Hoewel in vivo imaging by Two-photon laser scanning fluorescerende microscopie is op grote schaal gebruikt voor het bestuderen van neurovasculaire reacties in de hersenschors, de meeste van de studies gemeten bloedvat diameters en onderzocht hun verordening in een tweedimensionaal (2D) x-y-vlak. De uitdagingen zijn: ten eerste, cerebrale bloedvaten en hun omarmen astrocyten, pericytes en SMCs construeren takken in drie dimensies (3D). Het is daarom van cruciaal belang om hun interacties in 3D te bestuderen. Ten tweede zal zelfs een kleine hoeveelheid drift in de focus de precieze meting van zowel de diameter van het vaartuig als de cellulaire fluorescerende signalen beïnvloeden. Tot slot zijn de CVRs snel en verreikend in drie dimensies. 3D-volume scanning is optimaal voor het opsporen van Cvr's en het ontdekken van hun mechanismen. We implementeerden een piëzo-motorische doelstelling in een twee-Fobe Microscoop om de muis Somatosensorische cortex in vivo te bestuderen, waardoor precieze diameter metingen mogelijk werden door maximale intensiteits projecties van de verkregen beelden.

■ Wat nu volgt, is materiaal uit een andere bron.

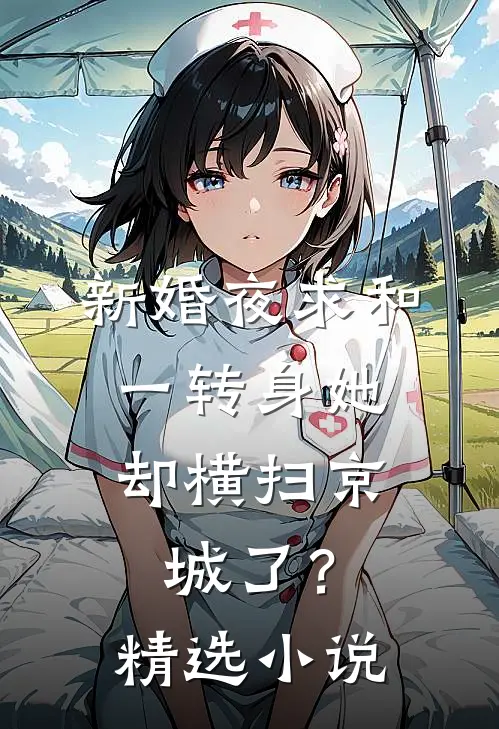 新婚夜求和，一转身她却横扫京城了？精选小说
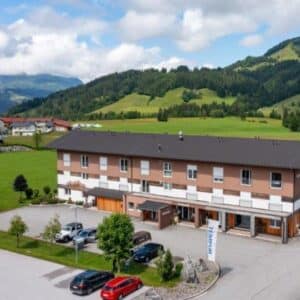 Fairhotel Hochfilzen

Glas micro-pipetten zijn vaak gebruikt voor in vivo hersenstudies, bijvoorbeeld om organische kleurstoffen in bulk te laden⁴, EEGs⁵ op te nemen en voor patch klemmen⁶. Niettemin, beperkingen blijven. Gewoonlijk wordt de punt van de glazen micro-pipet onrustig geplaatst of wordt de micro pipet niet gebruikt voor lokale ingrepen. Hier hebben we de procedure voor het inbrengen van micropipetten en lokale uitwerpen geoptimaliseerd.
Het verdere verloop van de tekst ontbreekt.